Analisis Kualitas Pembelajaran Algoritma Proximal Policy Optimization untuk Tugas Needle Pick pada Platform SurRoL dengan Variasi Bentuk Reward Function
Burhanudin, Ahmad Ataka Awwalur Rizqi, S.T., Ph.D. ; Dr. Iswandi, S.T., M.Eng.
2026 | Skripsi | S1 TEKNIK BIOMEDIS
Penelitian ini membahas penerapan Reinforcement Learning (RL) untuk otomatisasi tugas manipulasi presisi needle pick pada platform simulasi robot bedah SurRoL (Surgical Robot Learning). Fokus utama penelitian diarahkan pada evaluasi algoritma Proximal Policy Optimization (PPO) sebagai metode on-policy reinforcement learning yang diimplementasikan secara langsung (bare-metal) tanpa modifikasi algoritmik tambahan, guna memahami karakteristik pembelajaran agen pada lingkungan simulasi bedah yang sensitif terhadap desain reward function.

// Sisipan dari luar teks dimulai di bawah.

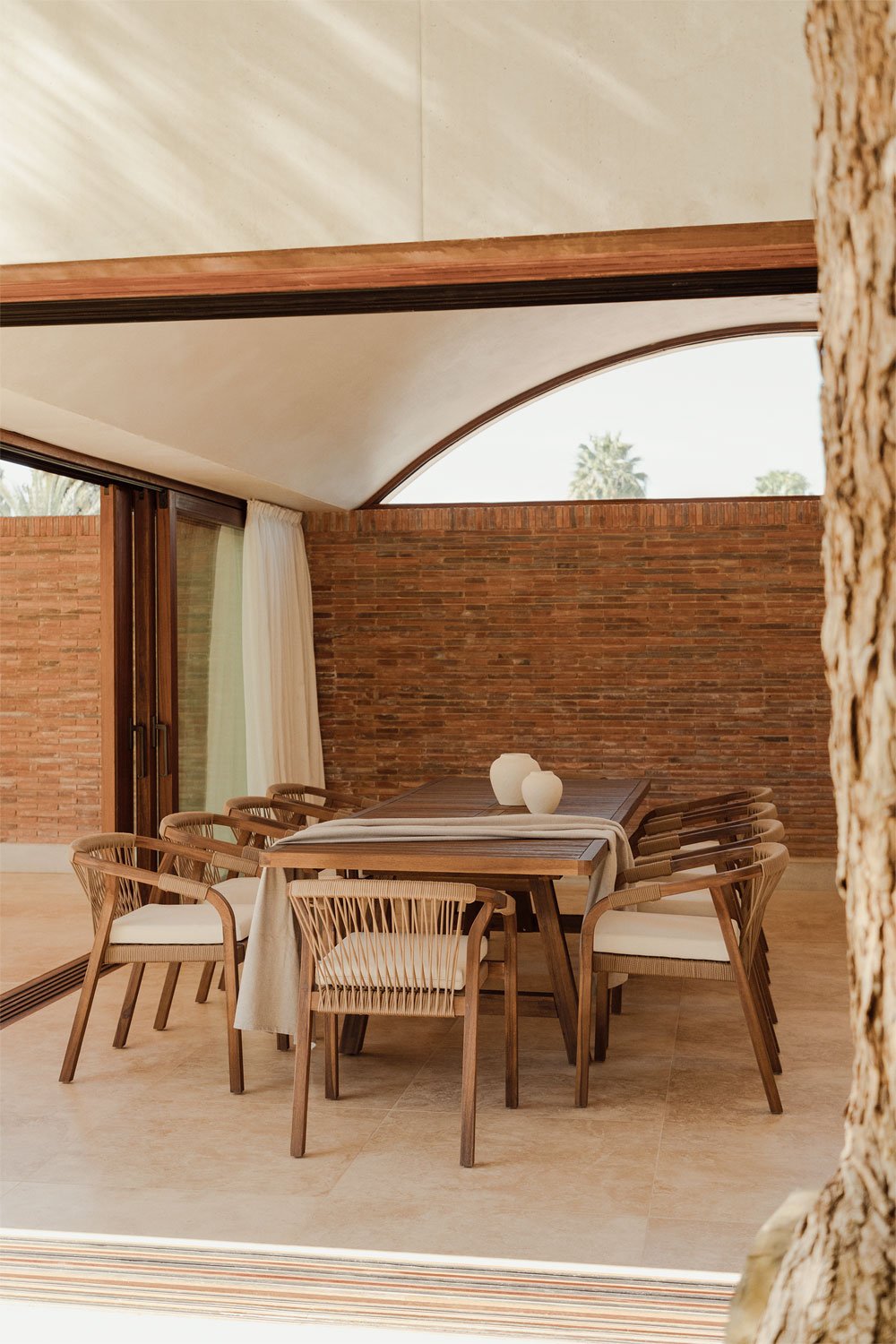 Rectangular Extendable Dining Table in Acacia Wood (200-300x100 cm) Dubai, gallery image 1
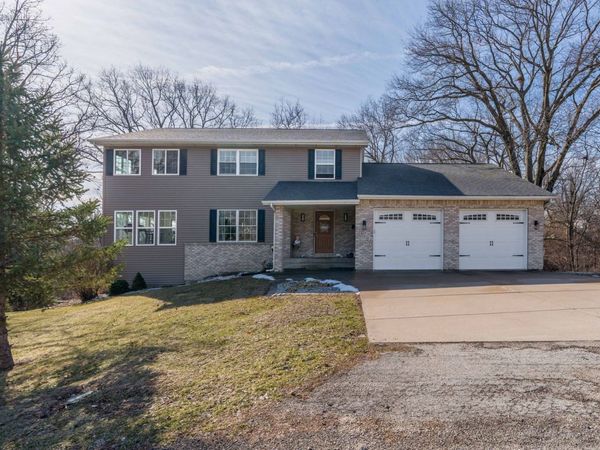 28147 217th Street , Le Claire, IA 52753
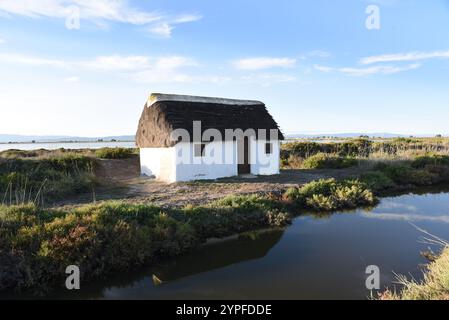 Piccola casa di paglia nel Delta dell'Ebro (Spagna) Foto Stock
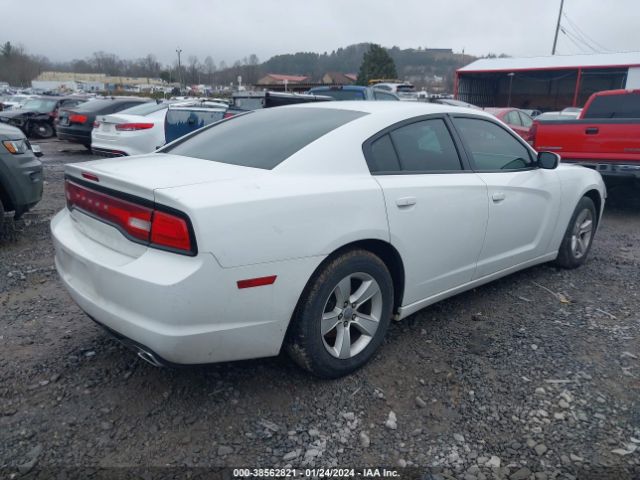 Photo 3 VIN: 2C3CDXBGXCH259863 - DODGE CHARGER 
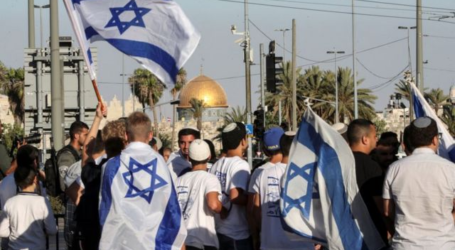 غزة.. احتجاجات تنديدا بمسيرة الأعلام الإسرائيلية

Metodologi penelitian dilakukan sepenuhnya pada lingkungan simulasi SurRoL dengan menggunakan tiga variasi desain reward function, yaitu sparse reward, less-sparse reward, dan staged reward. Ketiga variasi tersebut merepresentasikan tingkat kepadatan sinyal pembelajaran yang berbeda, sehingga memungkinkan analisis pengaruh desain reward terhadap efisiensi pelatihan, dinamika pembaruan kebijakan actor--critic, serta tingkat keberhasilan agen dalam menyelesaikan tugas needle pick. Evaluasi performa dilakukan melalui analisis metrik internal PPO selama tahap pelatihan, serta metrik keberhasilan tugas pada tahap test run, yaitu contact consistency dan average distance to goal.
Hasil penelitian menunjukkan bahwa PPO dapat dilatih secara stabil pada lingkungan SurRoL dan mampu mempelajari perilaku manipulasi dasar tanpa memerlukan perubahan struktur algoritma. Desain reward function terbukti menjadi faktor dominan yang memengaruhi kualitas pembelajaran agen. Varian less-sparse reward menghasilkan dinamika pembelajaran yang lebih seimbang antara stabilitas dan otonomi agen, sedangkan staged reward menunjukkan indikasi hubungan asinkron antara pembaruan actor dan critic akibat perubahan distribusi reward secara bertahap, yang berdampak pada lambatnya konvergensi dan rendahnya performa pada tahap pengujian.
This study investigates the application of Reinforcement Learning (RL) for automating a precision manipulation task, namely needle picking, within the Surgical Robot Learning (SurRoL) simulation platform. The research focuses on evaluating Proximal Policy Optimization (PPO) as an on-policy reinforcement learning algorithm implemented in a bare-metal manner, without additional algorithmic modifications, to analyze agent learning behavior in a surgical simulation environment that is highly sensitive to reward design.
The experiments are conducted entirely in simulation using three different reward function designs: sparse reward, less-sparse reward, and staged reward. These variations represent different levels of reward signal density, enabling a systematic analysis of their effects on training efficiency, actor--critic learning dynamics, and task success performance. Agent performance is evaluated through internal PPO training metrics and task-level test run metrics, including contact consistency and average distance to goal.
The results demonstrate that PPO can be trained stably in the SurRoL environment and is capable of learning fundamental manipulation behaviors without requiring algorithmic restructuring. Reward function design is shown to be the dominant factor influencing learning quality. The less-sparse reward variant provides a more balanced trade-off between learning stability and agent autonomy, while the staged reward approach exhibits asynchronous behavior between actor and critic updates due to non-stationary reward distributions, leading to slower convergence and reduced task success during testing.
Kata Kunci : Reinforcement Learning, PPO, SurRoL, Reward Shaping, Needle Pick.